[TO DO]:
How many lines below contain the word "Beach"? Reply solely with the number.

[Records from a data source]
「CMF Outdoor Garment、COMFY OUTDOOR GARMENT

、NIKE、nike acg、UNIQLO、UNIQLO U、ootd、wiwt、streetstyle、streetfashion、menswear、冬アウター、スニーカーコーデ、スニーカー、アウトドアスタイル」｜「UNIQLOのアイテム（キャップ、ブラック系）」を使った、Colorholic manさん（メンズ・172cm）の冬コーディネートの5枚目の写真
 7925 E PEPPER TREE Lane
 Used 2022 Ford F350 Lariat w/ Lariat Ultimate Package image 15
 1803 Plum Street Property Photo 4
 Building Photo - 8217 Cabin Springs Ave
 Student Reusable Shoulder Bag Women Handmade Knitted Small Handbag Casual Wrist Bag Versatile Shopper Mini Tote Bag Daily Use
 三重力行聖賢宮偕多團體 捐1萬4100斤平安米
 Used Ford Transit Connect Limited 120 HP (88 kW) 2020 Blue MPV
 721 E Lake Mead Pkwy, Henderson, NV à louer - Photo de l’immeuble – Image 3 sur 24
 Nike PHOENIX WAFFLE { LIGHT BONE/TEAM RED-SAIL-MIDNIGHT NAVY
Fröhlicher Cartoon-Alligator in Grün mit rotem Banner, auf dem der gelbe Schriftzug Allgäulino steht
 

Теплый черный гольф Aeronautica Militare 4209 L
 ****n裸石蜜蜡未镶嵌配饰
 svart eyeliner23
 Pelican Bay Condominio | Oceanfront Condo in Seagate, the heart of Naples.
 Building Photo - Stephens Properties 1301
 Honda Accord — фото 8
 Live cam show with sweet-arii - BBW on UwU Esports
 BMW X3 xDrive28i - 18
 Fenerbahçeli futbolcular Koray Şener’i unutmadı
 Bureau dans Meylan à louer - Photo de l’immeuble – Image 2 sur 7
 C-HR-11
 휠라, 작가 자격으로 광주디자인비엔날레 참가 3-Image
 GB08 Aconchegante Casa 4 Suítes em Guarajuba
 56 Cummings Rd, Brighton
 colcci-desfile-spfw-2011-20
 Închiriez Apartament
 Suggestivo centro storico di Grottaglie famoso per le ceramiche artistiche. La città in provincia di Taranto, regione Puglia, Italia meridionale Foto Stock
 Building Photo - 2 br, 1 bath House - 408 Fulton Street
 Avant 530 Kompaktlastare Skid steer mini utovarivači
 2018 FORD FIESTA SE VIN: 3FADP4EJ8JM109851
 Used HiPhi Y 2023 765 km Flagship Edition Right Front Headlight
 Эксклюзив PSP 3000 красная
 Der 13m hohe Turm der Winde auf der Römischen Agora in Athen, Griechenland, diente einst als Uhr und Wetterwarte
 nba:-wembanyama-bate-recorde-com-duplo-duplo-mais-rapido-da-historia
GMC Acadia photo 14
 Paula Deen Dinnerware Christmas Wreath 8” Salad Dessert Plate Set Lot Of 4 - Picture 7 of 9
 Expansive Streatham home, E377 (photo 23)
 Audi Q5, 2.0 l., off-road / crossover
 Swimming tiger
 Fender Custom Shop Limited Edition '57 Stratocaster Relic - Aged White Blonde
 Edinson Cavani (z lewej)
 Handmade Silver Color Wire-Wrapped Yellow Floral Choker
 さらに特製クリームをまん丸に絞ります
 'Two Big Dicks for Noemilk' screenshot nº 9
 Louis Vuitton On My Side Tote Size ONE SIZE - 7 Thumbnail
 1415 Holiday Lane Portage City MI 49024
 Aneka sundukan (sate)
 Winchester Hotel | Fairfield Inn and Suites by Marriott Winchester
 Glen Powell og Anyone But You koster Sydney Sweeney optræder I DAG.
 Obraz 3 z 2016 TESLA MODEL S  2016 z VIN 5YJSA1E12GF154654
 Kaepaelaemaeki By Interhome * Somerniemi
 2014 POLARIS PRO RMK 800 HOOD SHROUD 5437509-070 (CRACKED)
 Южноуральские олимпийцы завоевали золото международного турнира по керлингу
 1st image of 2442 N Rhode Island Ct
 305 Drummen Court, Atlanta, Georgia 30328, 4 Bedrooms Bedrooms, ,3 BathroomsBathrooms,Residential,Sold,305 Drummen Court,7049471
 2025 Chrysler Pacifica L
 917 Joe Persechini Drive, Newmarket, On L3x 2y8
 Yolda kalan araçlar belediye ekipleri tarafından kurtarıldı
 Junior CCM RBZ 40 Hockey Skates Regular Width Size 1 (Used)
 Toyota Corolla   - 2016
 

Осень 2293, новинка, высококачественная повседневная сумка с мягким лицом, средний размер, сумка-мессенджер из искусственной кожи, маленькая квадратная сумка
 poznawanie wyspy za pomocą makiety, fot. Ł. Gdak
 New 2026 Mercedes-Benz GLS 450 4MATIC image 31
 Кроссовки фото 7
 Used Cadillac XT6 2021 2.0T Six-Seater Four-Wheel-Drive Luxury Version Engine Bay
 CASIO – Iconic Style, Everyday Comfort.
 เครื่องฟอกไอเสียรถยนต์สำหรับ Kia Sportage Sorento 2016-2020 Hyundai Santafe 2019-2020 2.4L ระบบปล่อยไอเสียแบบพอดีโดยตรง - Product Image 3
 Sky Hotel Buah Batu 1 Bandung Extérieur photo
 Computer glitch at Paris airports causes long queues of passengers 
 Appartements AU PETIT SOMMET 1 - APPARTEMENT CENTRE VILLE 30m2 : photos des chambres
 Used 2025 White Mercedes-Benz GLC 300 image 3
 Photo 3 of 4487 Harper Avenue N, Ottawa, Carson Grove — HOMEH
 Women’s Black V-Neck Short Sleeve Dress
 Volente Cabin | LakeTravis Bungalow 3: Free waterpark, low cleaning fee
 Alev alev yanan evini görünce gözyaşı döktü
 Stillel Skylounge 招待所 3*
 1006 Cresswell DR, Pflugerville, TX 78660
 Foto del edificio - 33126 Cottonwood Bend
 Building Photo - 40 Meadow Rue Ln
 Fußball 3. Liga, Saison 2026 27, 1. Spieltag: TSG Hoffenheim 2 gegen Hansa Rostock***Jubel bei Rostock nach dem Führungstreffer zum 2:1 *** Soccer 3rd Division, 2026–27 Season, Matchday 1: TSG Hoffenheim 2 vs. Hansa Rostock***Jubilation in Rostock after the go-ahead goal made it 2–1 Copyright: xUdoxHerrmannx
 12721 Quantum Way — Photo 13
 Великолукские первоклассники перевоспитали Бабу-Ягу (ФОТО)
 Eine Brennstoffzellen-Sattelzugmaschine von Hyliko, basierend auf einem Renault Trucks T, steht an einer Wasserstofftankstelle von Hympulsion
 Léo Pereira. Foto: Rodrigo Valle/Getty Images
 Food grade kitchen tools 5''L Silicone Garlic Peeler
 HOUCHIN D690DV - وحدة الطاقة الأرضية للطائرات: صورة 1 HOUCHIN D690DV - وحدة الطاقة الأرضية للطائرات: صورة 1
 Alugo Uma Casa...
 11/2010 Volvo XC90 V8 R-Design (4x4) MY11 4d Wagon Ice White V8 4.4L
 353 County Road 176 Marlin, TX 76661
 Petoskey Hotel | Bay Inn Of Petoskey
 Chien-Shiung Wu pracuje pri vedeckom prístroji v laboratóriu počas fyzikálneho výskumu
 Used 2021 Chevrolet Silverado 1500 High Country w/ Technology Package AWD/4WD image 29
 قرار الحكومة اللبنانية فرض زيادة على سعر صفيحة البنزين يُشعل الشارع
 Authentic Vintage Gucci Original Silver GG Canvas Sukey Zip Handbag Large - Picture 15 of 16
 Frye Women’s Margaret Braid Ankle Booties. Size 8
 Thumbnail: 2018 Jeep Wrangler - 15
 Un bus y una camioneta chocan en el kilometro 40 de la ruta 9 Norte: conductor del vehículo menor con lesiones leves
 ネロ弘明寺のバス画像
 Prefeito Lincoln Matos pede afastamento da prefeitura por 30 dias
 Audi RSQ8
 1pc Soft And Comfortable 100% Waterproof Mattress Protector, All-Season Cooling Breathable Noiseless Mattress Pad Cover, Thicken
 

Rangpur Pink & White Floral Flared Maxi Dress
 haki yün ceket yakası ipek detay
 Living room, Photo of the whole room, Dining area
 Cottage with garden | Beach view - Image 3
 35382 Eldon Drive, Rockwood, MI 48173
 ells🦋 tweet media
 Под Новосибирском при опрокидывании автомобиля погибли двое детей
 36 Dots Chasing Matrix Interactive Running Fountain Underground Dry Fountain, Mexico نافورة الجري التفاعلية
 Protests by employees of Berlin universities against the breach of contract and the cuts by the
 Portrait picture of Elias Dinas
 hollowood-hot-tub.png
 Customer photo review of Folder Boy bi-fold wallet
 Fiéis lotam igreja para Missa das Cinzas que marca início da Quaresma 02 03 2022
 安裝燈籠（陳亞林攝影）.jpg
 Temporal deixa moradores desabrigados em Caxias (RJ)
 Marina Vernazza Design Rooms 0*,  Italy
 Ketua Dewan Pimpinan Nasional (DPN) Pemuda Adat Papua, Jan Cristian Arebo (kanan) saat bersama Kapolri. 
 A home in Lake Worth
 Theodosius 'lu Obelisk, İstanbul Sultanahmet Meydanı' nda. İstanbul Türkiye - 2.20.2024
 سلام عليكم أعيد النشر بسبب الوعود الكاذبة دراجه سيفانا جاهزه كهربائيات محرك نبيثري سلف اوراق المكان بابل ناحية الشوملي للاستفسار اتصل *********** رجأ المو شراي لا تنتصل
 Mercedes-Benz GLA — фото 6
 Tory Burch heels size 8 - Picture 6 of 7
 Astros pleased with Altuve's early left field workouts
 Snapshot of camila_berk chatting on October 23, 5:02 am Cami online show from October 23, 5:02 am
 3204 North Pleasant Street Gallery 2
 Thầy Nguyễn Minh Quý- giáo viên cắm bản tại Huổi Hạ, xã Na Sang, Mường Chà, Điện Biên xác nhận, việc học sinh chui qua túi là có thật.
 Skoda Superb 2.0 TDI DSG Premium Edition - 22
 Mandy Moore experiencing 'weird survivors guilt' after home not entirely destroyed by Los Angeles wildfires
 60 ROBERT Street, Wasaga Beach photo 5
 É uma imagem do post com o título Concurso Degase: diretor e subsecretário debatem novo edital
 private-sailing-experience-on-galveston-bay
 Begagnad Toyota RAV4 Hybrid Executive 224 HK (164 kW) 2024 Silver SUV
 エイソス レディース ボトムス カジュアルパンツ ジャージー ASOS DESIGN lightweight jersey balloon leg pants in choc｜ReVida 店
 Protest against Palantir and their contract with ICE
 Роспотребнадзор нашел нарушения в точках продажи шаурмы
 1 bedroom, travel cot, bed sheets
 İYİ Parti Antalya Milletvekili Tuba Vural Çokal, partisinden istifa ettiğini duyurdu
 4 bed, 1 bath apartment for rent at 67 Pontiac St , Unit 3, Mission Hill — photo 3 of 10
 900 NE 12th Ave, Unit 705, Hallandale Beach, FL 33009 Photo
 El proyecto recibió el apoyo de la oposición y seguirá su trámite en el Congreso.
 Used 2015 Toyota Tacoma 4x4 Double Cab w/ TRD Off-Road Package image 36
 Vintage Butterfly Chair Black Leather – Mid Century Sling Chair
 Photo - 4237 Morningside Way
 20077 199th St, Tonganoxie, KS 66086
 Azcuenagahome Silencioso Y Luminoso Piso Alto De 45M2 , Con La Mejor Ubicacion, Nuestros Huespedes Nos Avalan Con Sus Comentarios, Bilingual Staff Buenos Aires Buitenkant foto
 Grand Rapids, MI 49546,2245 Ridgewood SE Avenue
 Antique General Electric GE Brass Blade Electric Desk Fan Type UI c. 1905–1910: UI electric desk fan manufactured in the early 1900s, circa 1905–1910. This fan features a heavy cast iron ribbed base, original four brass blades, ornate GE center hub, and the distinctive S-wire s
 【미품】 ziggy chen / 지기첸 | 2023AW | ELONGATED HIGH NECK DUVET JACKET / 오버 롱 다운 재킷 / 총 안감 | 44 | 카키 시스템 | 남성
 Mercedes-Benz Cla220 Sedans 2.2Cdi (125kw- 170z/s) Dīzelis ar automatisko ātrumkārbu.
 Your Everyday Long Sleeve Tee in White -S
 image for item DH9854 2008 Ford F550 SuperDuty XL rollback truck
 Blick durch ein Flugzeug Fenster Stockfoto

[RESPONSE FOR THIS EXERCISE]:
3